Nationwide home prices continued to recover in January, but how did our local housing market perform by comparison?
Chicago home prices continued to lag behind most of the nation’s major housing markets in January according to the lastest Case-Shiller Home Price Indices from Standard & Poor’s, though the situation was not entirely bad for the Windy City.
For January, Chicago home prices were down 0.9 percent from December; though that’s the fifth straight month of declines for Chicago, home price declines are expected this time of the year, a historically slow period for home prices (for instance, the city with the largest monthly increase, Las Vegas, saw prices rise just 1.6 percent).
Year-over-year home prices in Chicago were up 3.3 percent, though the city’s yearly gains were among the weakest in the nation, with only New York posting weaker yearly returns – though to be fair, that increase did come after 28 consecutive months of negative annual returns for the Big Apple, so even things at the bottom are looking up in housing.
Nationwide Home Prices Continue to Recover in Case-Shiller
Nationwide, home prices continued to show notable improvement:
- Year-over-year, home prices were up 7.3 percent in the Case-Shiller’s 10-City Composite and 8.1 percent in its 20-City Composite, with all 20 cities measured by S&P showing yearly price increases; those are the highest yearly increases for the composites since the summer of 2006.
- Even monthly, the 10- and 20-City Composites were positive, with prices rising 0.2 and 0.1 percent, respectively.
- On a monthly basis, nine cities – Atlanta, Charlotte, Las Vegas, Los Angeles, Miami, New York, Phoenix, San Francisco and Tampa – showed positive returns, while yearly, eight cities – Atlanta, Detroit, Las Vegas, Los Angeles, Miami, Minneapolis, Phoenix and San Francisco – saw prices jump by double digits.

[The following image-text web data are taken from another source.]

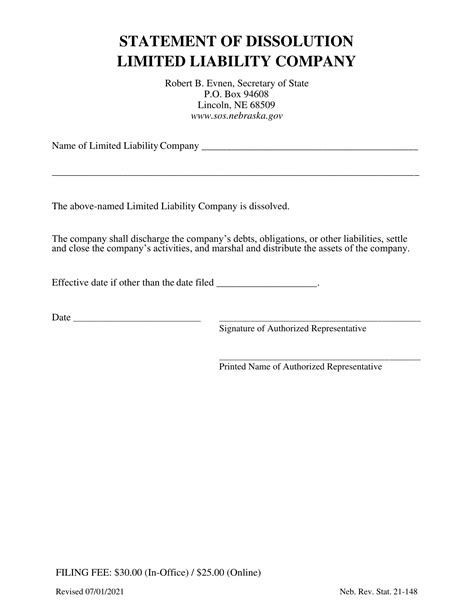 Blank Statement Of Dissolution Sample Fill Out And Print Pdfs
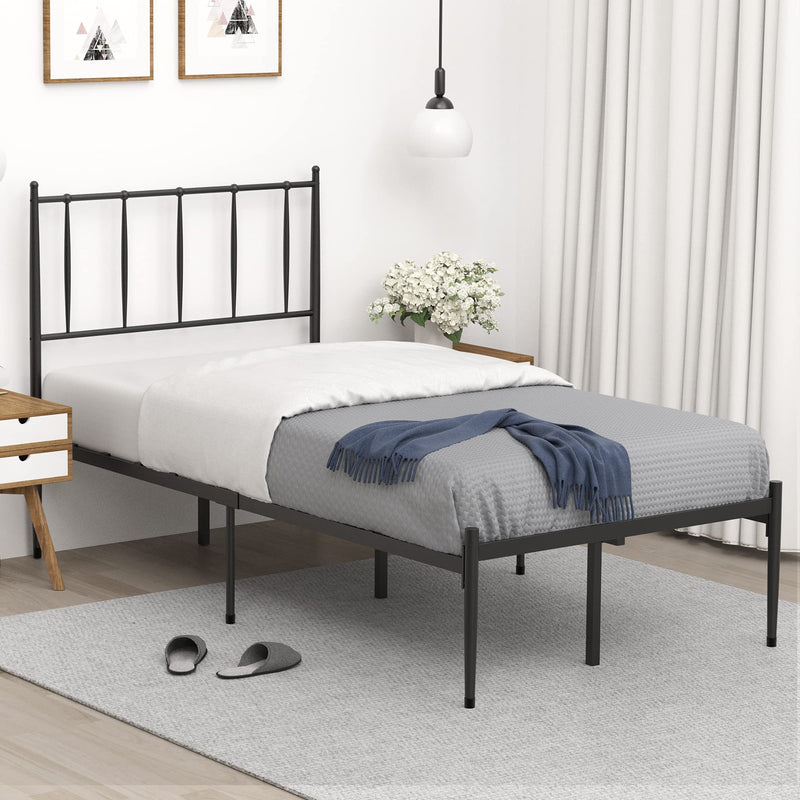 IDEALHOUSE Twin Size Metal Platform Bed Frame with Headboard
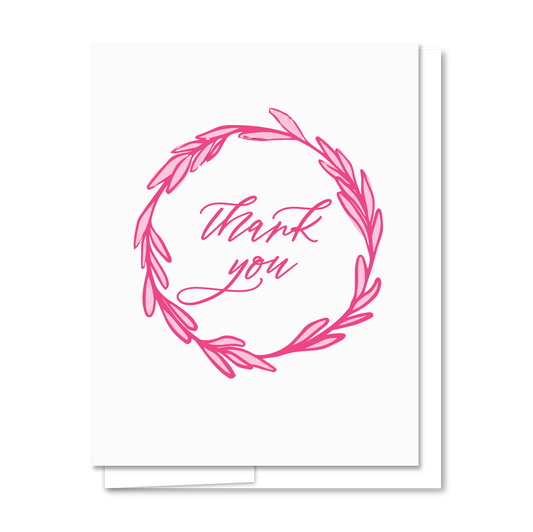 Thanks Wreath - Letterpress Thank You Card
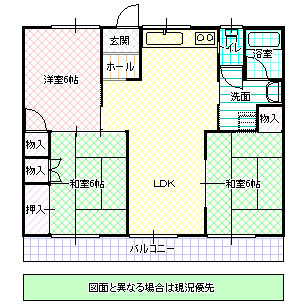 水戸市元吉田町のアパートの間取り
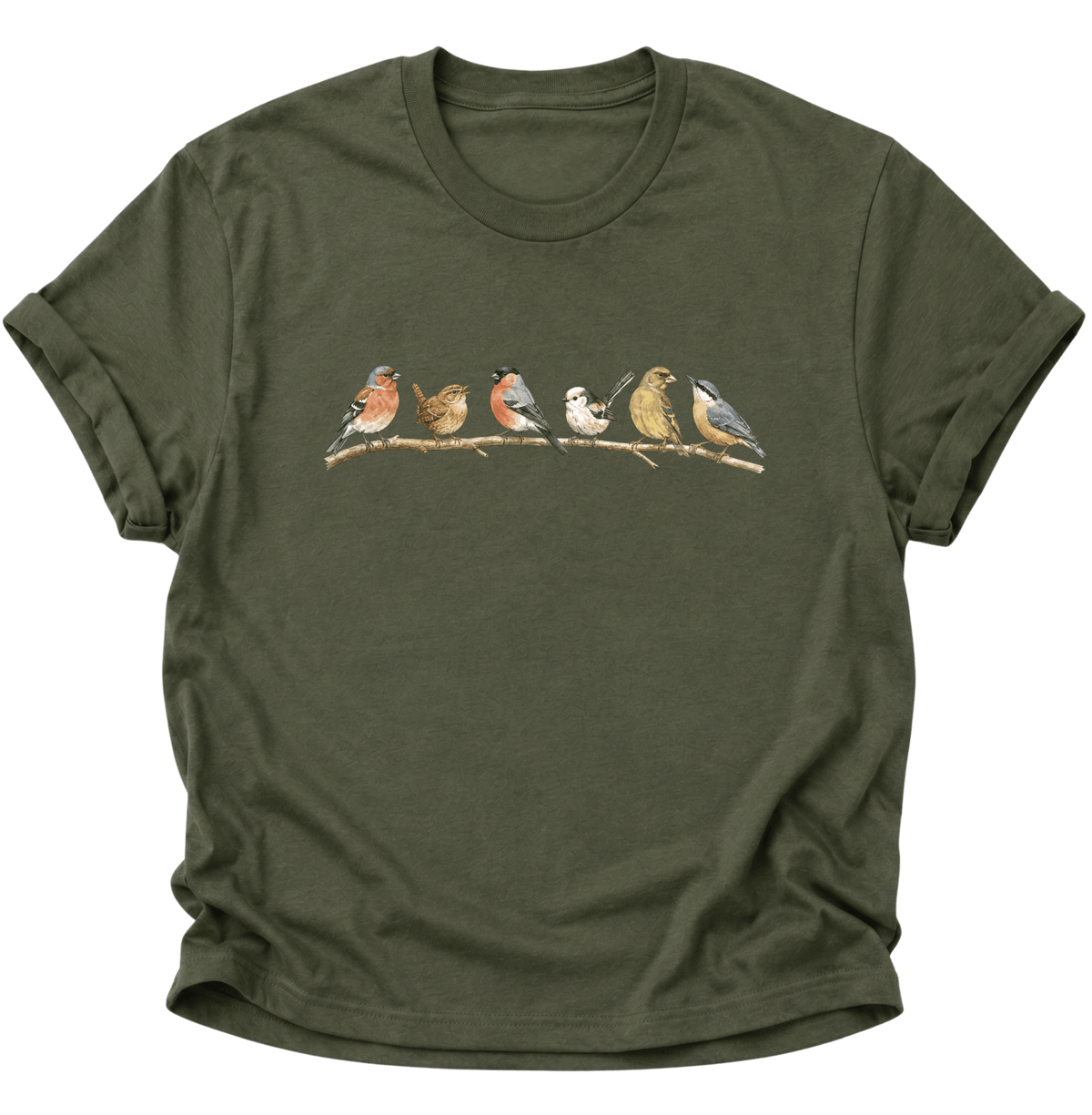 Vogelvielfalt Unisex T-Shirt Military Green - PINE & RIVER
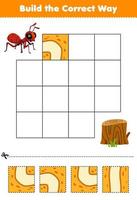 Education game for children build the correct way help cute cartoon ant move to wood log printable bug worksheet vector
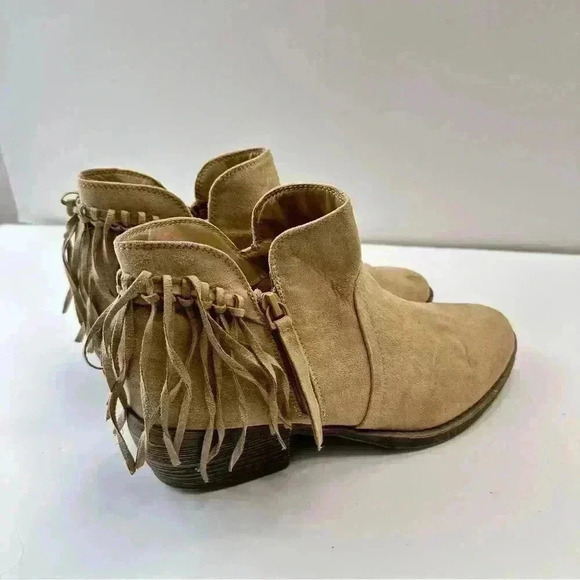 American Eagle Boots Brown Tan Suede Fringed Side Zip Womens Size 9.5 - Picture 3 of 10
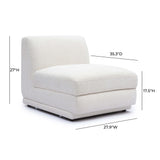 TOV Perry Cream Chenille Modular Armless Chair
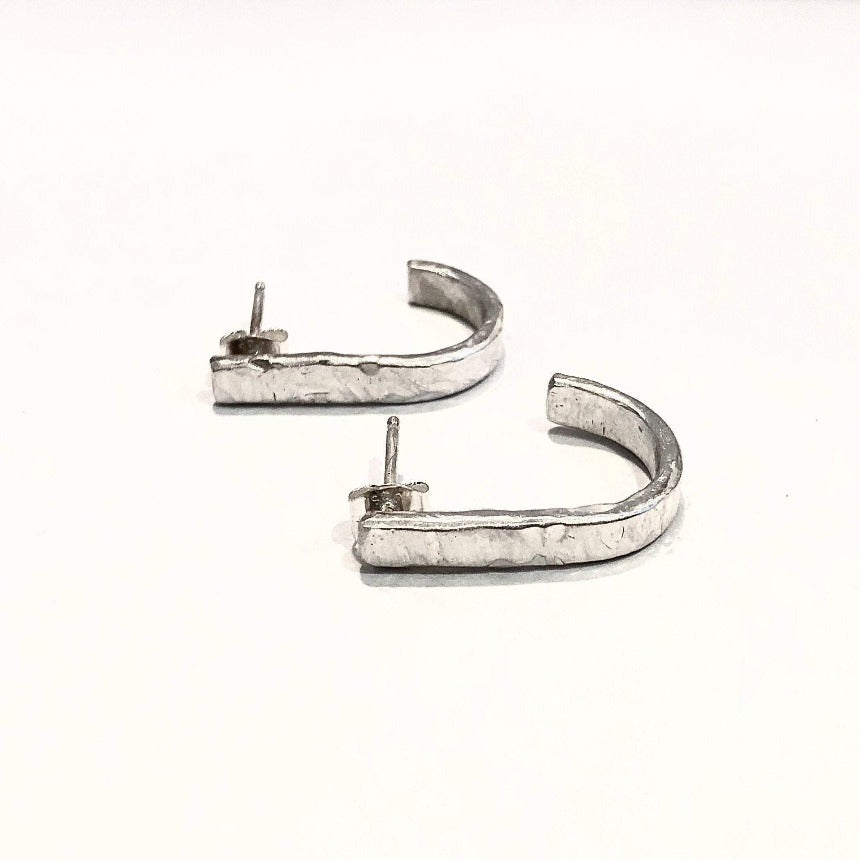 Sterling Silver Textured Open Hoop Earrings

David M. Blitzer – Data Supports the Housing Recovery
David M. Blitzer, the chairman of the Index Committee at S&P Dow Jones Indices, said the latest Case-Shiller data supports the now widely held notion of a broad housing recovery.
“The two headline composites posted their highest year-over-year increases since summer 2006. This marks the highest increase
since the housing bubble burst,” Blitzer said. “Economic data continues to support the housing recovery. Single-family homebuilding permits and housing
starts posted double-digit year-over-year increases in February 2013. Despite a slight uptick in foreclosure filings, numbers are still down 25 percent year-over-year. Steady employment and low borrowing rates pushed inventories down to their lowest post-recession levels.”